Record extracts START
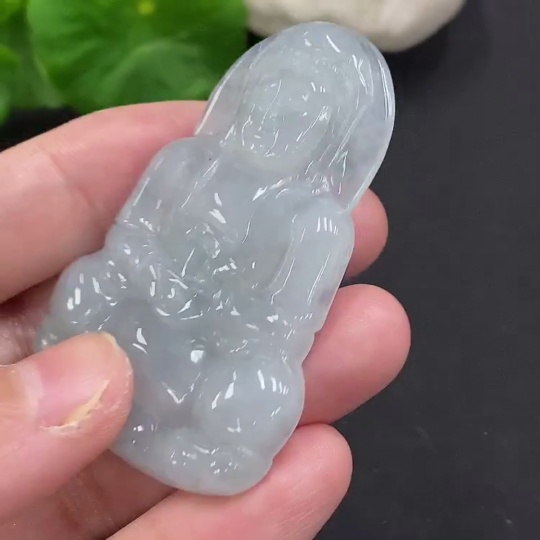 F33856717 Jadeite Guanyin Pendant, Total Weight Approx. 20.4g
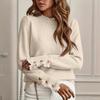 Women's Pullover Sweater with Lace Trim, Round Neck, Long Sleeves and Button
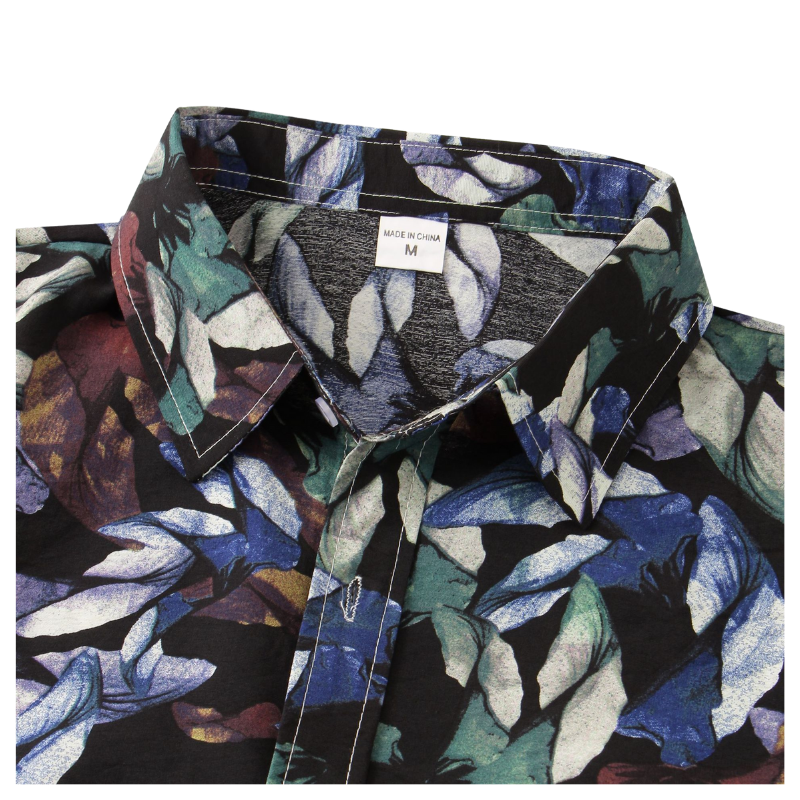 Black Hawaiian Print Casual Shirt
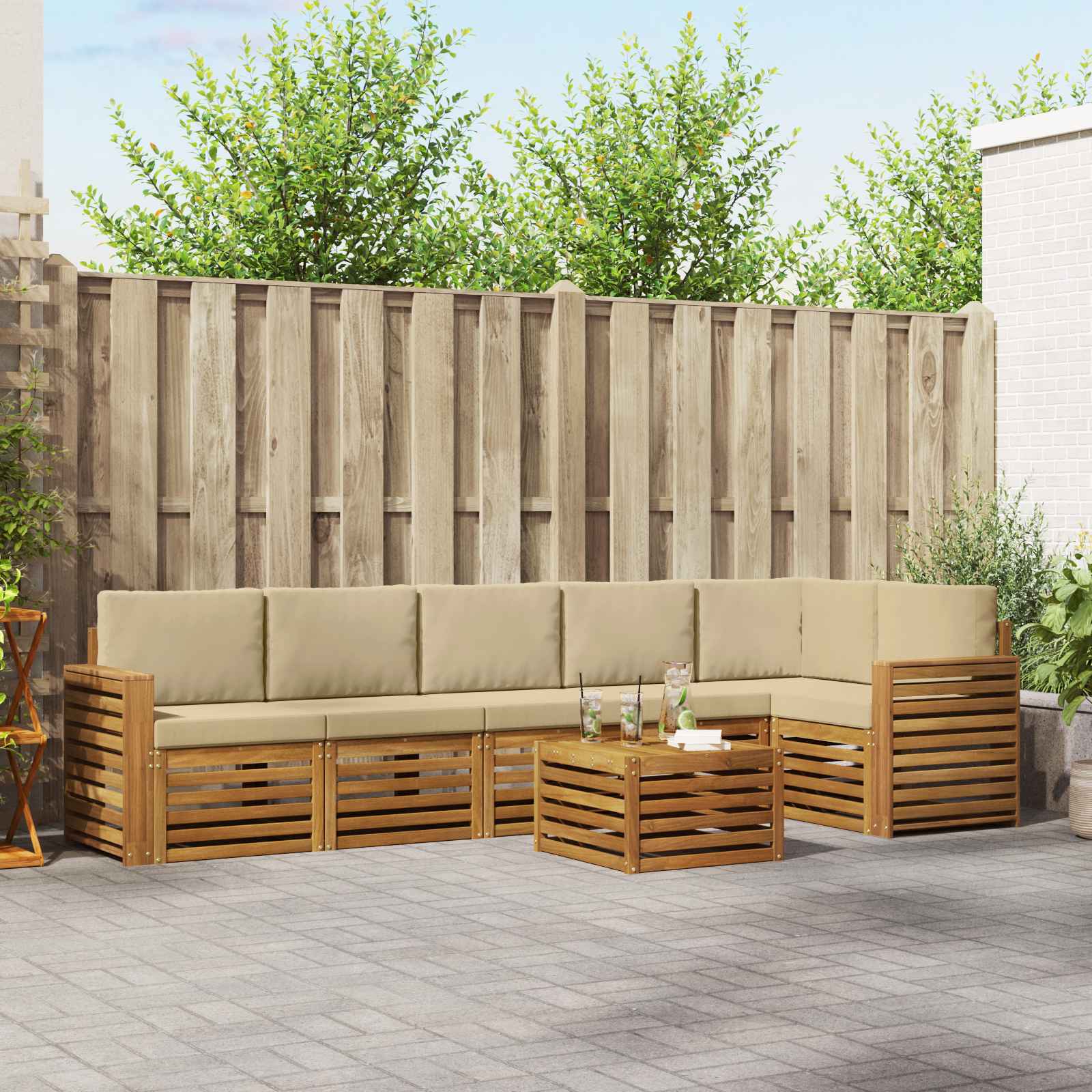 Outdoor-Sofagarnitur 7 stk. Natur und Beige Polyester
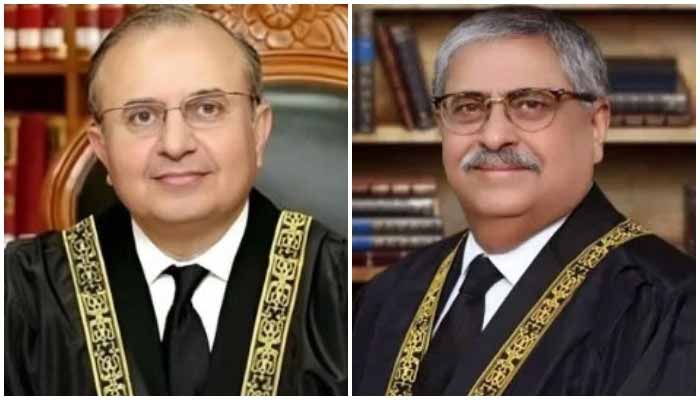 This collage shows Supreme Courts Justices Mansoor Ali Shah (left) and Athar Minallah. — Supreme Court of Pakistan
Record extracts END
Requirement =
Output the records exactly, and let none of their pictures appear in the copy.

Solved exercise =
 F33856717 Jadeite Guanyin Pendant, Total Weight Approx. 20.4g
 Women's Pullover Sweater with Lace Trim, Round Neck, Long Sleeves and Button
 Black Hawaiian Print Casual Shirt
 Outdoor-Sofagarnitur 7 stk. Natur und Beige Polyester
 This collage shows Supreme Courts Justices Mansoor Ali Shah (left) and Athar Minallah. — Supreme Court of Pakistan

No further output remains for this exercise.